Introspectr: Organizing Ambient Infomacy

I’m in a neologistic, word-coining mood this morning.  Like you, I have one eye on my Tweetdeck, half-consciously absorbing facts, information, memes, and other synaptic nourishment that’s flowing around me. At some point in my day, I’m inevitably walking an idea back to its source, which involves unproductively scrolling through streams of posts.

Tipping my cap to early descriptions of Twitter and microblogging, I’m calling this phenomenon ambient infomacy. Well …  maybe this new word won’t happen, but you get the idea.

This is all to explain why introspectr, which demoed their Twitter and Facebook search tool at New York Tech Meetup on Tuesday, received my complete attention.

Introspectr searches through  Twitter, Facebook, and Gmail content, indexing both the original post and the content pointed to by any embedded links.

That’s it. Simple idea, but potent. It will resonate with others.

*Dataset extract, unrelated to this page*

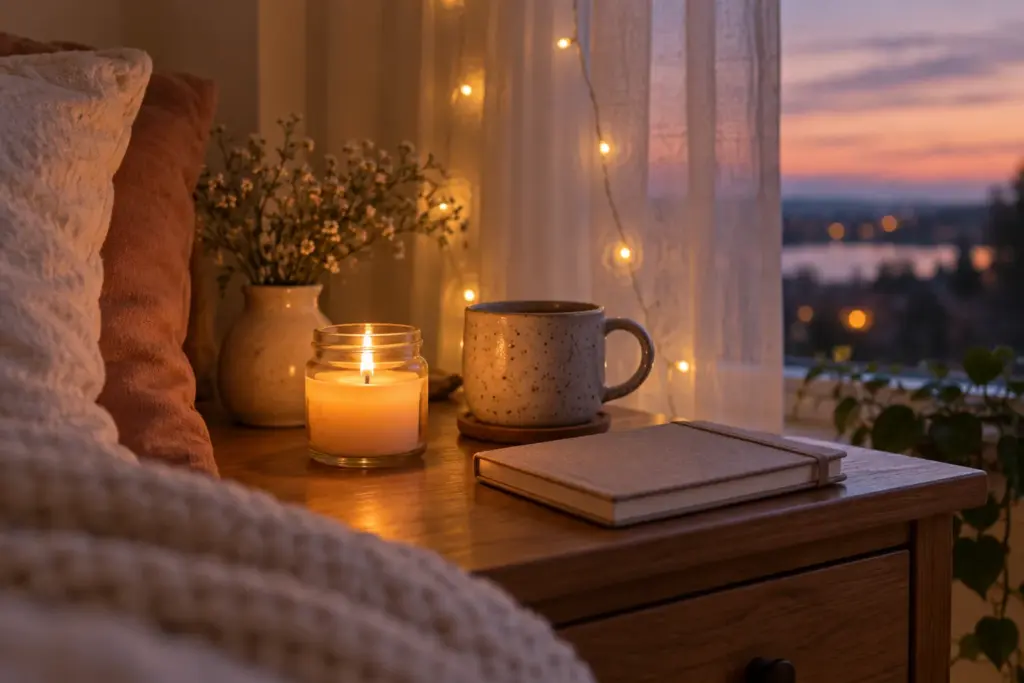 A candle, a mug and a small notebook arranged on a bedside table at dusk.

Social media is now more than just a babbling brook of  transient chit-chat: it contains valuable nuggets that you’ll want to sift out and  refer to.

Now where did I hear about NYC BigApps contest?

Google has been slowly acknowledging this trend with their recent enhancements for organizing search by when the item was updated.

Next time you’re googling, actually click on the drop menus in the left-column: you’ll be able to look at results posted within the last 24 hours, week, or month.  And Google has also added special search results (currently in beta and found at the bottom of the page) based on the tweets of those contacts in your Google Buzz network.

I will be utilizing introspectr as a supplement to my Google searching since my particular network usually has much relevant information—like yours— to what I’m working on at the moment.

Is this a hole-filling product? Yes, but what a chasm!

It’s a pretty safe bet to say there’ll be more startups and tools to explore infomacy. (I’m feeling better about this word).